He's been a rapper, an actor, a porn movie mogul and, most recently, a terrible reggae singer called Snoop Lion. How many lives has this Dogg used up already? Six? Seven?
He's about to use up another one, because the lion is a dogg again - but that doesn't mean Snoop's returning to hip-hop. Bush, his 13th album, is something else entirely: a throwback album of old school soul jams that finds Calvin Broadus Jr spending more time singing than rapping. The barely believable result is a Snoop Dogg album that - gasp - your kids could enjoy.
It's a dramatic turnaround from his last effort as Snoop Lion, with the 2013 shocker Reincarnated finding Snoop rebelling against his gangster rap past on songs like No Guns Allowed with little sense of irony.
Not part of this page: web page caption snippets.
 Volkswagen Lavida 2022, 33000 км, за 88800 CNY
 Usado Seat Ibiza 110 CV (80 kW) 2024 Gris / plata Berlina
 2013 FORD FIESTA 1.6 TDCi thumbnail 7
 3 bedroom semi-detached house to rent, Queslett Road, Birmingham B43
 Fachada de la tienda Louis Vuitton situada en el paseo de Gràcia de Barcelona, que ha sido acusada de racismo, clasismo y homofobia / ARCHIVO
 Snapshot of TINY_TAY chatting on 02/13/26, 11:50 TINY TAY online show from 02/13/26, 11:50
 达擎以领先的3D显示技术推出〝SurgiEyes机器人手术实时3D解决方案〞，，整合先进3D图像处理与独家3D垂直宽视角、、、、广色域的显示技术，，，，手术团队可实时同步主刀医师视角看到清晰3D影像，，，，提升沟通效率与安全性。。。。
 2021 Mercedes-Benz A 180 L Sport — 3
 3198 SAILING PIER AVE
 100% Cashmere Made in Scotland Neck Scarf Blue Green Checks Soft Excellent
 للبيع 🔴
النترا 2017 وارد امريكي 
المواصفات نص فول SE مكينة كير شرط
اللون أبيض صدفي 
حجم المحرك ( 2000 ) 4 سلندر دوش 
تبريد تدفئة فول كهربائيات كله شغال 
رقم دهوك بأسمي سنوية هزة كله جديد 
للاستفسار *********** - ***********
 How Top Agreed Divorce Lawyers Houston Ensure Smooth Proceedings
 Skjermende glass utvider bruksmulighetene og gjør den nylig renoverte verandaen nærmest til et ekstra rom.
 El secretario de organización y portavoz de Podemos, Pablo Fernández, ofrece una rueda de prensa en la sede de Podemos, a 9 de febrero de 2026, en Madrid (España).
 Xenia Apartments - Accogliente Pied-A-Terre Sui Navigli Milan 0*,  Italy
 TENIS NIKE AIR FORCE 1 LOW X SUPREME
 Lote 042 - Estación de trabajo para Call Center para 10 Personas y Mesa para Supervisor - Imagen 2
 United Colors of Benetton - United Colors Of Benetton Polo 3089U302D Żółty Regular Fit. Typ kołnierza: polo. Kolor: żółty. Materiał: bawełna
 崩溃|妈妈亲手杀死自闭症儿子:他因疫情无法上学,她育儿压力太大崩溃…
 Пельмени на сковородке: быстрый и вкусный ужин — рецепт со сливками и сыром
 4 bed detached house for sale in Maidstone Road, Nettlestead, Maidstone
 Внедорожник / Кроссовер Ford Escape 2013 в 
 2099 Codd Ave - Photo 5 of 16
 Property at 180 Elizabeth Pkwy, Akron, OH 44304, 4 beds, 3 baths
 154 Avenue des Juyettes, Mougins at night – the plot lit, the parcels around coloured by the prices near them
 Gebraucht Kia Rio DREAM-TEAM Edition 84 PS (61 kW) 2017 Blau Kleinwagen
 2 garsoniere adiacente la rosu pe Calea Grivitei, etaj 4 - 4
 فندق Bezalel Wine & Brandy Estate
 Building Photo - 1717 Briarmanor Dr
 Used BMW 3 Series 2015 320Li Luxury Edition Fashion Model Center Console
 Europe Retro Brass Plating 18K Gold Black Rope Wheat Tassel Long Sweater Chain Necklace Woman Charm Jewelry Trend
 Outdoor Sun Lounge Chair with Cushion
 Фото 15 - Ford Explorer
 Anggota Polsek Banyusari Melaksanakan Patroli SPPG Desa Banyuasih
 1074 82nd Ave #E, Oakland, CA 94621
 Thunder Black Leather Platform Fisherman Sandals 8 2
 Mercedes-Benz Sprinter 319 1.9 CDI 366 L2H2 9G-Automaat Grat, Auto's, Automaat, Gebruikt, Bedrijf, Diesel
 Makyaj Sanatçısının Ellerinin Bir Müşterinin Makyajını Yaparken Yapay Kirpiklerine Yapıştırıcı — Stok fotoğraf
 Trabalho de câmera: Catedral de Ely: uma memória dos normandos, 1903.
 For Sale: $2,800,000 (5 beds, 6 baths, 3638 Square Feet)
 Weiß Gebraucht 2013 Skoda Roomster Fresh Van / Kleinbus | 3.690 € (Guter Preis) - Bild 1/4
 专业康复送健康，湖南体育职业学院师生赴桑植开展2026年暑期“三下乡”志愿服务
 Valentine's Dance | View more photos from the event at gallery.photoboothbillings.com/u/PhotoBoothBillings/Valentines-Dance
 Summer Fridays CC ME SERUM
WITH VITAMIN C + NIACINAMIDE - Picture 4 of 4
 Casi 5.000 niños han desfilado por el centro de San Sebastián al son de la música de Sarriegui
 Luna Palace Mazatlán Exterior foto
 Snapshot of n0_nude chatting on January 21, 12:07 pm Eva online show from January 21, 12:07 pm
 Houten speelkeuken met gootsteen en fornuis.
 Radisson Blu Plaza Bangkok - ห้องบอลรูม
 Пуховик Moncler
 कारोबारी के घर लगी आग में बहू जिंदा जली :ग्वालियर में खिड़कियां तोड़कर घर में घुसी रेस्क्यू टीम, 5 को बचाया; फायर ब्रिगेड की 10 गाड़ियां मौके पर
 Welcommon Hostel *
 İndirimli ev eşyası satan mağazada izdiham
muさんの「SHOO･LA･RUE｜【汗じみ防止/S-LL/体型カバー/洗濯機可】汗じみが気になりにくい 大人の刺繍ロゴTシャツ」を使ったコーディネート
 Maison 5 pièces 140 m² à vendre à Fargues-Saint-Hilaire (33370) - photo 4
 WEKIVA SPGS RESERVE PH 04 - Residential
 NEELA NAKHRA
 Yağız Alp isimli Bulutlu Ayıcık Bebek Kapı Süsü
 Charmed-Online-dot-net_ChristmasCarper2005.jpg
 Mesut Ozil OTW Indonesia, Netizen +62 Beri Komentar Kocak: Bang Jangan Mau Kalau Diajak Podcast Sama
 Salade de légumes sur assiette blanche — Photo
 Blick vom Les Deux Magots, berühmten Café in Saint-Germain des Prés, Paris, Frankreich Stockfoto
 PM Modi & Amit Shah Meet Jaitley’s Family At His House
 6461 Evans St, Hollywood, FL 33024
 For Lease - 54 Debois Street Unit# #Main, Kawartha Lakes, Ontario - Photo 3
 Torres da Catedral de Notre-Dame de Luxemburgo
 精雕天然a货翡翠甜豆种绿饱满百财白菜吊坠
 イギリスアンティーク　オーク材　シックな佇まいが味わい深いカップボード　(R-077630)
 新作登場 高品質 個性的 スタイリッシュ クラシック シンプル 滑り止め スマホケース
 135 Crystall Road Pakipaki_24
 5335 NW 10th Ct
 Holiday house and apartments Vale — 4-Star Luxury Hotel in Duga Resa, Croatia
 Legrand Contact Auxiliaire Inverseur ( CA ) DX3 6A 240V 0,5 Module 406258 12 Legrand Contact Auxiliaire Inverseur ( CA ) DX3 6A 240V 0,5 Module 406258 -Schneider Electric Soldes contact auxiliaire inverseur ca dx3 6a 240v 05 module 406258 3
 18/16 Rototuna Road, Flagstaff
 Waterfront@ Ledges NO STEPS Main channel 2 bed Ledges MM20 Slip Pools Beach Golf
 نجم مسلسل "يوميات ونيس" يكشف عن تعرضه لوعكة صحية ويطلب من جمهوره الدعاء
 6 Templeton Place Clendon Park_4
At least Bush finds Snoop in a playful mood.
"She's DTF," he croons on the laidback, Neptunes-produced lope of R U A Freak - but he's not referencing the popular acronym for sex. "She's DTF - cos she' Down to Feel," he finishes, sounding less like a pimp and more like a spiritual guru dressed in white robes.
It's an image cemented by the funked-up fun of Awake, as Snoop sings: "My planet's Krypton / Home of the freaks / Come get your moon rocks / I am a G" like he's on an episode of The Mighty Boosh.